# Lithium Power Bank as House Battery???



## TripSmith (Sep 18, 2019)

I'm looking into deep cycle battery's for my skiff with minimal electrical needs (bilge, nav lights, extra) and was wondering if it would be possible to wire up a portable power bank to my switch panel?










https://www.amazon.com/dp/B07PNSJSF1

The thing is a 500W Portable Generator, 280Wh 78000mAh Power Station. It would be pretty awesome if I could have it in some sort of a dry battery box and wired into my system as the only house battery. It would be pretty versatile.... Could be used onshore when camped, taken in the home in emergencies, used to jump off the truck, ect. ect. ect.......

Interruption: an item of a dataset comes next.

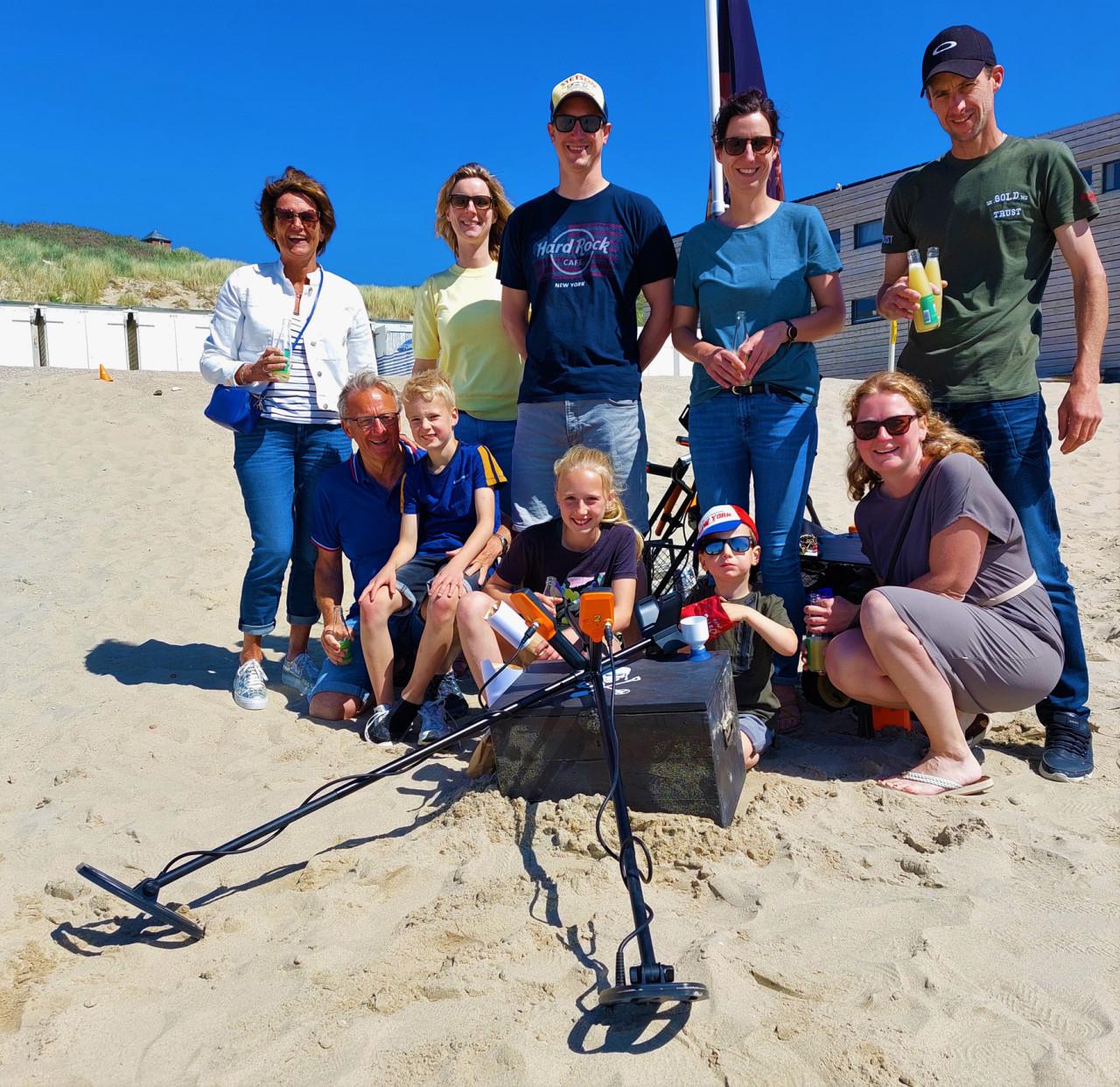 Workshops Metaaldetectie op diverse strandlocaties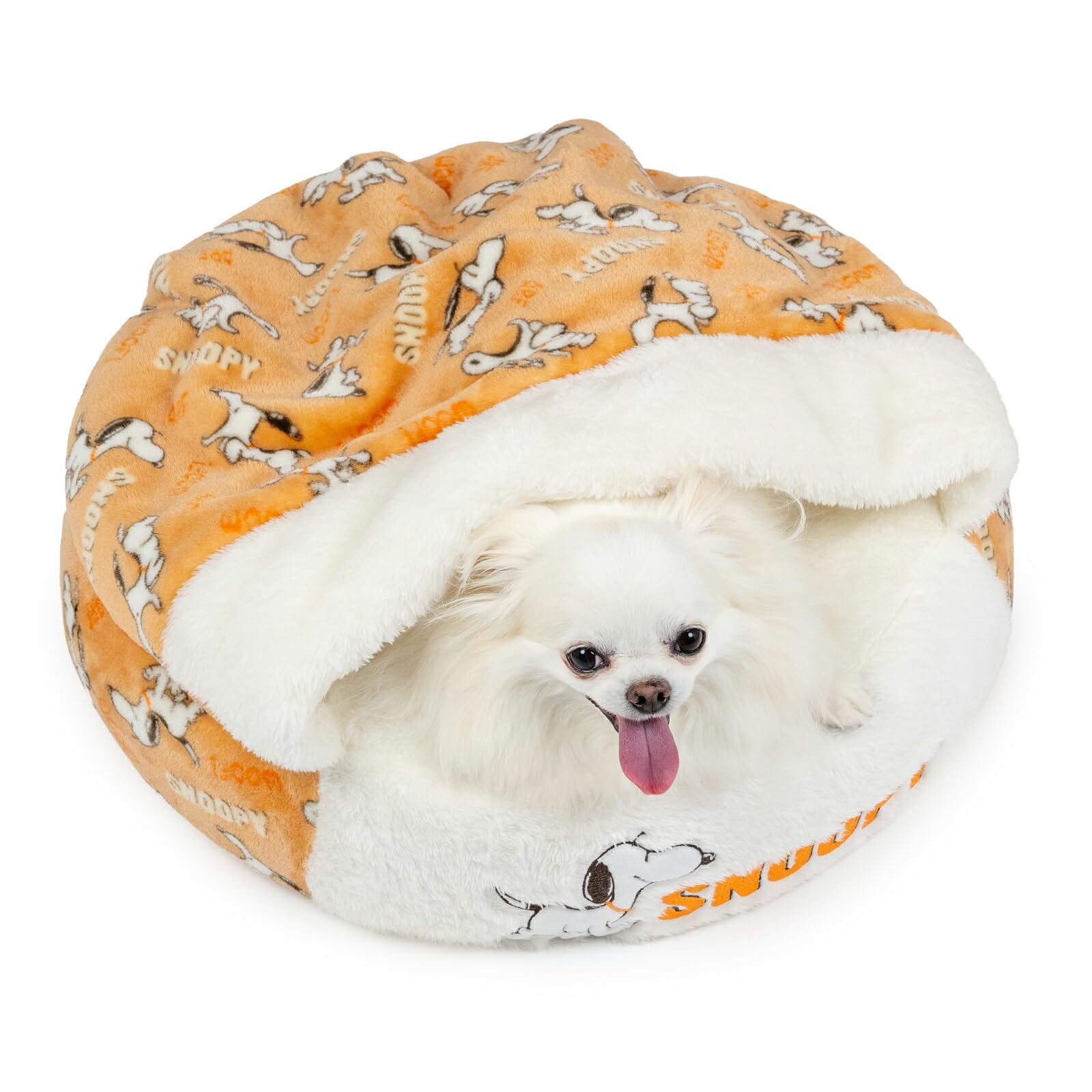 ペットパラダイスSNOOPYベッド Amazon | ペットパラダイス スヌーピー 犬 ベッド 冬用 遠赤外線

Don't see any way to hook up my power but it does have a lot of various connection types and one might could be used to go to my electrical system.

Am I crazy? Could this work?


----------



## MariettaMike (Jun 14, 2012)

As an engineer it kinda pisses me off that they market a battery in a box as a “generator” and people buy it like it’s some sort of high tech perpetual energy device.

My wife bought me a similar a couple years ago for Xmas and I use it all the time in my camper. But it doesn’t generate squat without recharging with electrically converted fossil fuel coming out off the wall. Jus Say’n.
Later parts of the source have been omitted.